I'm an explorer at heart. I'm never happier than when I'm lost in a world that exists for its own sake, rather than as a fleshed-out backdrop for 20 predetermined hours of linear derring-do.
Content to spend countless hours picking daisies in the name of alchemical self-sufficiency, I crave the matryoshka mentality of game design where layers are peeled back slowly, a word spoken with the wrong person invokes unexpected back-story, and randomly discarded books open up a whole new chapter of quests.
So it I find myself in danger of missing the meat and bones of The Witcher 2 during Namco Bandai's preview event. Yes, I know the men of Vergen have started to go missing, and satanic stitch-craft has been etched onto the bodies pre-mortem. I'll get right on it, I swear.
It's just this bearded dwarven bastard has upped the ante in the arm-wrestling stakes, while a mysterious and buxom trader has an investigation for me. I'm already late for fisticuffs by the fireplace.
Non-linearity continues to be the driving force behind development of this sequel. A heavily-modified Aurora Engine has been eschewed in favour of a brand new, in-house proprietary system. This has allowed the team to take more hands-on control over balancing, the development of non-linear quests and debugging.
The side-quest we're presented with is a case in point. After discovering the gruesome remains of one victim, deep within the stone ruins of the Vergen catacombs, a detailed examination reveals something embedded within the festering corpse.
At this point in the game Geralt lacks the necessary tools for extraction. So it's a tantalising example of the piņata approach to quest development: a box of delights, filled with unfinished business for the determined explorer.
The new engine has also given a shot in the arm to what was an already impressive visual rendering.

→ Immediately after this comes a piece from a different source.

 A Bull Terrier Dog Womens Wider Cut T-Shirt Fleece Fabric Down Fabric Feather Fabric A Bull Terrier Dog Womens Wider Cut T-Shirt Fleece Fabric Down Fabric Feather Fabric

Free to experiment with an architecture left largely uncommented on in Sapkowski's books, CD Projekt has taken to the task with vigour.
Vergen is a town hewn from the rocks surrounding it and held together with wooden foundations. It houses a population that lives with the land rather than on it, striving for rugged survival rather than unnatural domination.

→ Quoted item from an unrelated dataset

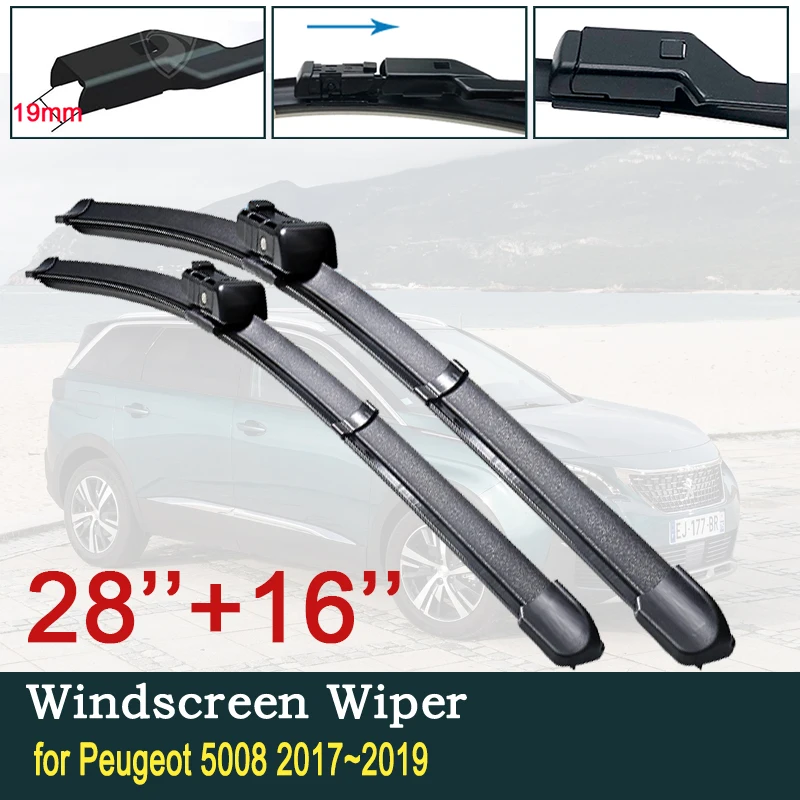 

for Peugeot 5008 2017~2019 2018 2nd 2 Gen Car Wiper Blades Front Windscreen Windshield Wipers Car Accessories Stickers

The world at large is still a pre-NHS, medievally Nordic place where men are men, women are glandular receptacles and syphilis continues to claim several hundred thousand lives a year.
But the sex cards are out - and good job too. We're still at that awkward, fumbling schoolboy stage when it comes to dealing with the finer points of adult relationships. For many, the romance cards of the first game stepped over the line between a refreshingly adult Brothers Grimm-style fantasy, free of excitable gnomes, and into the territory of sniggering titillation.
I'm not trying to burn any bras here. I just long for the day when I can tell people what I do for a living without receiving a hurriedly stifled look of pity in exchange. Reference a sex-card collection of conquests and you'd be forgiven for assuming they belong to either a recklessly well-organised serial killer, or the kind of guy who believes he's likely to find a soul-mate by going on Take Me Out.
I think we can do better than this, bawdy world or otherwise. Tomasz Gop, senior producer at CD Projekt, agrees. "A lot of people thought it definitely did not fit the overall feeling of the game - collecting women," he says.
"No-one's surprised that sex is part of the game, and it fits the world. It was just the presentational aspect they complained about - probably they were right."
Combat has not so much evolved as mutated into an entirely different animal in the years since the first game launched. Gone is the turn-and-timing combo system that seemed at first glance to encourage - but ultimately punished - furious clicking. It's replaced instead with an action-orientated system that's more fluid and delivers a stronger bite.